UKIP, Tories pick up Labour seats; reputation likely suffering after string of anti-Semitic remarks from the party.

Contact Editor
Tova Dvorin,

UK Labour Party leader Jeremy Corbyn
UK Labour Party leader Jeremy Corbyn
Reuters

Labour lost nationwide in local mayoral and Assembly elections, the Daily Mail reports Friday - likely due to the string of anti-Semitism scandals rocking the party throughout the UK.

The party, headed by Hamas and Hezbollah sympathizer Jeremy Corbyn, lost twelve seats in the Scotland national assembly elections, putting the party in third place behind the conservative Tories. 

And in Wales, an exit poll showed Labour losing control of the Welsh Assembly - losing 3 seats, most likely to the UKIP party. 

Labour lost at least seven councillors and one full local council in local British elections, polls Friday indicate.

Labour's standing has suffered from the many anti-Semitic and racist comments its members have made over the past eight months, since Corbyn took leadership of the party. 

More than 50 British Labour party members have been suspended in the past two months over comments deemed racist or anti-Semitic, according to The Daily Telegraph. 

Corbyn himself has been criticized in the past for referring to the Lebanese Shi'ite terror group Hezbollah as "friends" and urging dialogue with Palestinian Islamist terror group Hamas, as well as meeting representatives of both organizations.
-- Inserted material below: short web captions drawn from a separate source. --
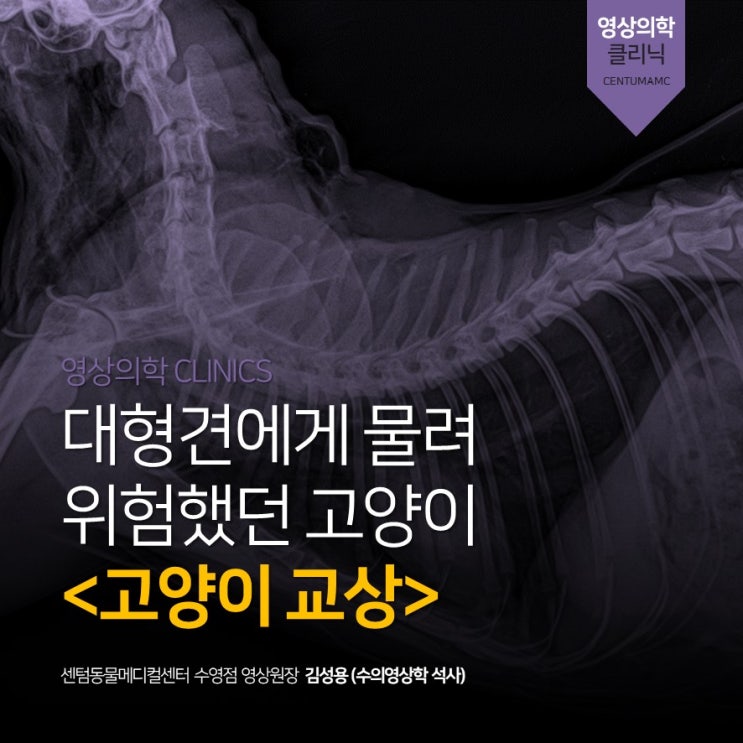 고양이 교상(물린 상처) (부산 센텀동물메디컬센터 수영점, 영상분석 전문 동물병원)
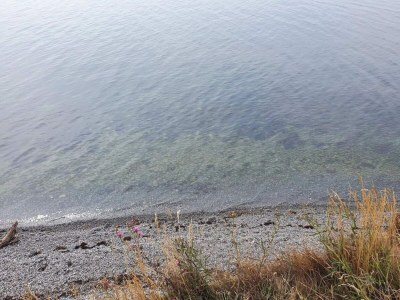 Holiday house Ferienhaus für acht Personen - Outdoor photo 31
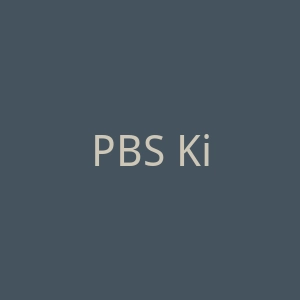 PBS Kids官网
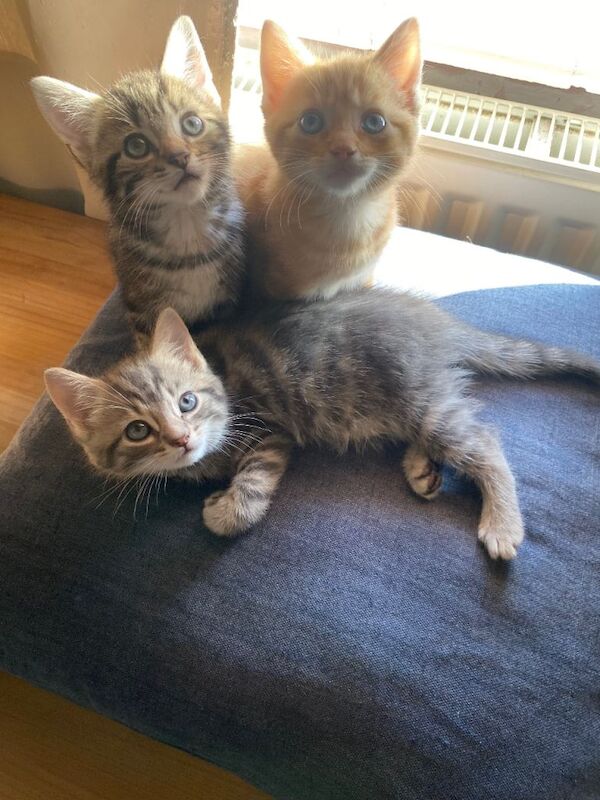 British Shorthair Kittens For Sale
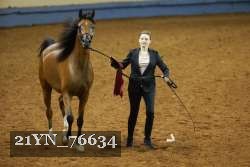 21YN_76634 thumbnail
Former party leader Ed Miliband was expert at keeping the anti-Semitism of several party members quiet, the Mail revealed last week, particularly former London mayor Ken Livingstone. Miliband single-handedly prevented Livingstone from expressing his ideas about Adolf Hitler being a "Zionist" in the latter's autobiography, it reported - keeping the party's reputation intact.